Retrouvez ma contribution à la consultation publique sur l’avenant n°1 au CPER Nouvelle-Aquitaine – volet mobilités
Les mobilités ne peuvent plus être pensées comme un simple levier d’aménagement du territoire ou de développement économique. Elles doivent être au cœur d’une transition écologique et sociale ambitieuse. Il est urgent de sortir du tout-voiture, de réduire les inégalités d’accès aux transports, et garantir à chacun un droit effectif à la mobilité, partout sur le territoire. Cela implique de planifier démocratiquement les investissements publics, en les orientant vers des modes de transport décarbonés, collectifs, accessibles et durables.
Ce CPER – qui engage près de 1,6 milliard d’euros – aurait pu être un levier puissant pour transformer en profondeur notre système de mobilités. Malheureusement, il reconduit pour l’essentiel les logiques du passé : grandes infrastructures coûteuses, gouvernance technocratique, absence de projection carbone, et faible prise en compte des inégalités sociales et territoriales. Dans cette contribution, je formule un ensemble de remarques critiques mais constructives, appuyées sur les principes qui fondent la politique de mobilités de la France Insoumise: planification écologique, égalité d’accès, relocalisation des besoins, efficacité budgétaire et sobriété énergétique.

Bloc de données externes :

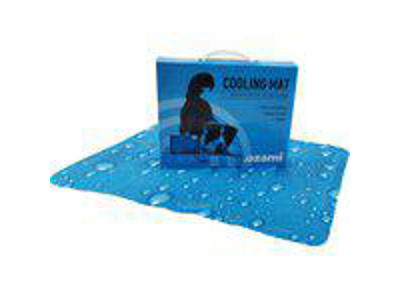 KØLEMÅTTE 60X90CM BLÅ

1. Gouvernance des mobilités
Le point 3.1 sur la gouvernance des mobilités révèle une approche excessivement centralisée et peu coopérative. La Région a œuvré de manière explicite pour éviter que les communautés de communes (CDC) n’accèdent à des compétences en matière de mobilité, limitant ainsi leur capacité d’action, alors même qu’elles sont les mieux placées, avec les communes, pour appréhender les réalités locales et les besoins spécifiques de leurs administrés. Cette gouvernance descendante, marquée par une logique technocratique, est en décalage avec les enjeux contemporains qui nécessitent de la subsidiarité, de la proximité, et de la réactivité. L’archaïsme de cette organisation freine le déploiement de solutions adaptées aux territoires ruraux et périurbains, comme ceux de l’est girondin, qui subissent de plein fouet une précarité énergétique croissante liée à la mobilité
2. Dépenses prévues pour les SERM
Le tableau page 19 relatif aux dépenses prévues pour les SERM (Services Express Régionaux Métropolitains) soulève plusieurs inquiétudes. En Gironde, le RER métropolitain, censé faire passer la fréquentation de 25 000 à 50 000 passagers par jour, mobilise des sommes considérables pour une efficacité douteuse : cela représenterait environ 0,5 % des 4 millions de déplacements motorisés quotidiens dans le département. Une telle politique est coûteuse et inefficiente, particulièrement si l’on considère qu’elle ne s’accompagne d’aucune stratégie de réduction des coûts ni d’évaluation rigoureuse de l’impact modal.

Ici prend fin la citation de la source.